Traversal function for a garbage-collected object, used by the garbage collector to detect reference cycles. Implementations must call the visit function for each object directly contained by self, with the parameters to visit being the contained object and the arg value passed to the handler. The visit function must not be called with a NULL object argument. If visit returns a non-zero value, that value should be returned immediately.

A typical tp_traverse function calls the Py_VISIT() convenience macro on each of the instance’s members that are Python objects that the instance owns. For example, this is a (slightly outdated) traversal function for the threading.local class:

static int
local_traverse(PyObject *op, visitproc visit, void *arg)
{
    localobject *self = (localobject *) op;
    Py_VISIT(Py_TYPE(self));
    Py_VISIT(self->args);
    Py_VISIT(self->kw);
    Py_VISIT(self->dict);
    return 0;
}

Nota

Py_VISIT() requires the visit and arg parameters to local_traverse() to have these specific names; don’t name them just anything.
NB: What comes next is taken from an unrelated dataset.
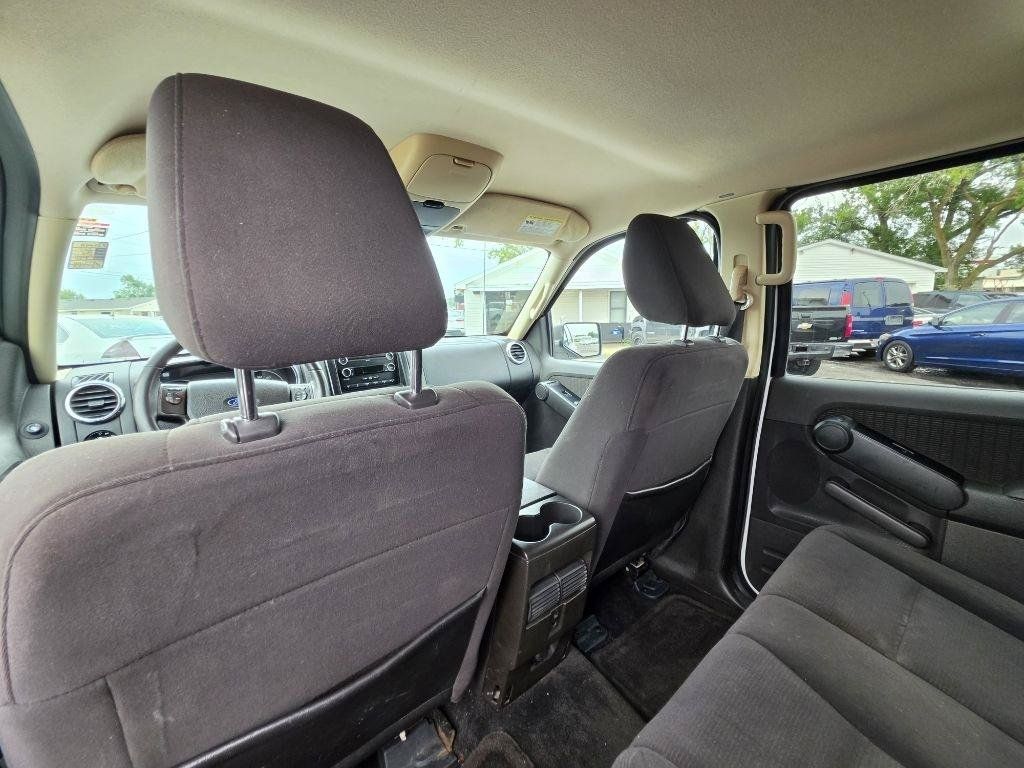 Used 2010 Ford Explorer XLT AWD/4WD image 20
Instances of heap-allocated types hold a reference to their type. Their traversal function must therefore visit the type:

Py_VISIT(Py_TYPE(self));

Alternately, the type may delegate this responsibility by calling tp_traverse of a heap-allocated superclass (or another heap-allocated type, if applicable). If they do not, the type object may not be garbage-collected.

If the Py_TPFLAGS_MANAGED_DICT bit is set in the tp_flags field, the traverse function must call PyObject_VisitManagedDict() like this:

int err = PyObject_VisitManagedDict((PyObject*)self, visit, arg);
if (err) {
    return err;
}

Only the members that the instance owns (by having strong references to them) must be visited. For instance, if an object supports weak references via the tp_weaklist slot, the pointer supporting the linked list (what tp_weaklist points to) must not be visited as the instance does not directly own the weak references to itself.

The traversal function has a limitation:

Aviso

The traversal function must not have any side effects. Implementations may not modify the reference counts of any Python objects nor create or destroy any Python objects, directly or indirectly.

This means that most Python C API functions may not be used, since they can raise a new exception, return a new reference to a result object, have internal logic that uses side effects. Also, unless documented otherwise, functions that happen to not have side effects may start having them in future versions, without warning.

For a list of safe functions, see a separate section below.

Nota

The Py_VISIT() call may be skipped for those members that provably cannot participate in reference cycles. In the local_traverse example above, there is also a self->key member, but it can only be NULL or a Python string and therefore cannot be part of a reference cycle.

On the other hand, even if you know a member can never be part of a cycle, as a debugging aid you may want to visit it anyway just so the gc module’s get_referents() function will include it.

Nota

The tp_traverse function can be called from any thread.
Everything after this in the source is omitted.